Monday, June 20, 2005

Beauty Magazines Only Make You Feel Ugly

I'd used a particular facial scrub made with natural apricot (S$7.50 from Watson's) when I was 13 and used to think that my skin was in such good condition only because I was young (natural elastins in the skin, youth still prim and in spring, age hasn't crept in, no pimples miraculously until 17 due to lack of stress etc. etc.) and gradually, through the subliminal but unfortunately persistent in-roads that beauty magazines and advertisements for expensive cosmetics have, migrated myself over to branded cosmetics and beauty products like Estee Lauder, Clinique, Lancome and Biotherm. Only to find the results surprisingly disappointing. My skin rashed to Biotherm, broke out into pimples with Clinique, greased up with Estee Lauder and had no reaction (cleanliness or otherwise) whatsoever to Lancome.

Sick of it all, I dumped my Harper's Bazaar and did the skin test. Washed my face yesterday (normal day and all) with Clinique Extra Mild Soap bar and did the toner thing to close my pores and wash off exceed invisible "dirt" on the skin. The result was that I had to use 4-5 cotton pads and cleaned my face twice over to get the cotton pad and toner liquid coming off absolutely clean. I tried the same thing again (normal day after work) after washing my face with St Ives's Invigorating Apricot Scrub (what I used to use when I was 13) and the first sweep of my face with the toner came out clean! Good grief, was that because there were scrub beads present? Somehow, the creamy texture of the scrub, coupled with the gentle, natural scrub beads just seemed so stabilizing compared to the astringent packed stuff that usually comes in today's combat-your-oil-by-sucking-it-out-with-alcohol face cleansers.

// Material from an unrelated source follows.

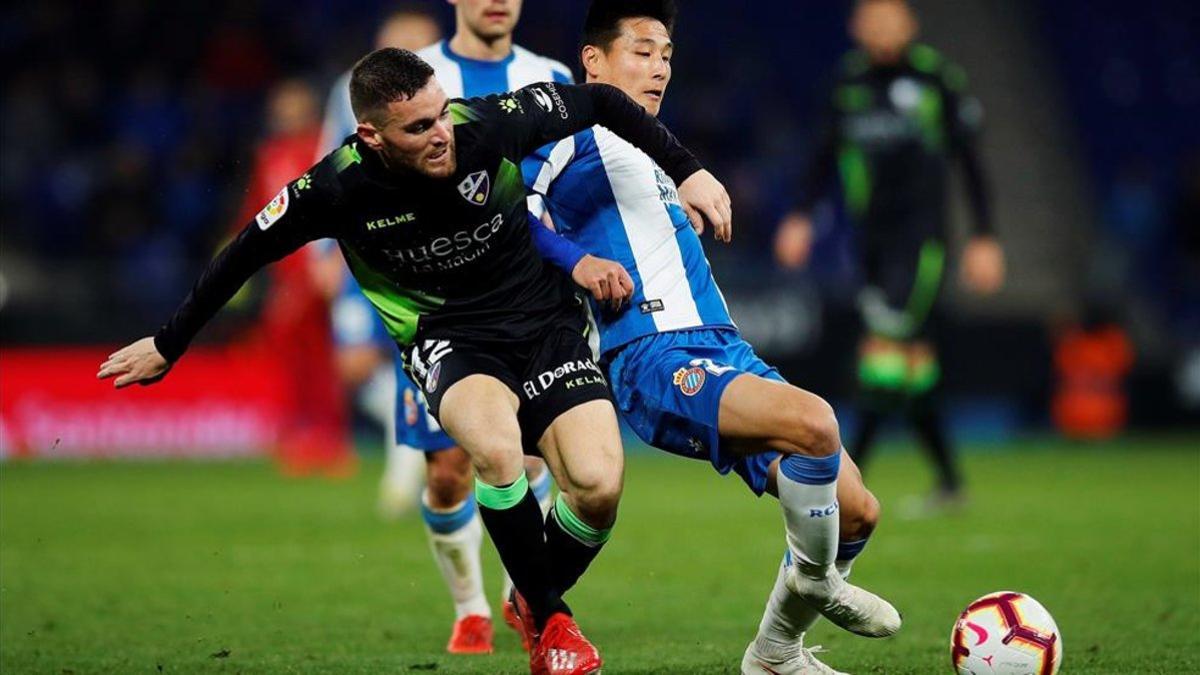 Galán y Wu Lei, en el último Espanyol-Huesca de Liga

My conclusion (and this is not an ad): so often than not, it's the cheap, reliable, boring, mom's recommended type of things you find out when you were young that sticks with you best throughout your life. More so than the expensive, fluffy, pretentious schticks that ad themselves throughout your consciousness. I'd hated to come to this conclusion after 24 bloddy years of living. But the sad truth horribly - beauty magazines really do make you feel ugly.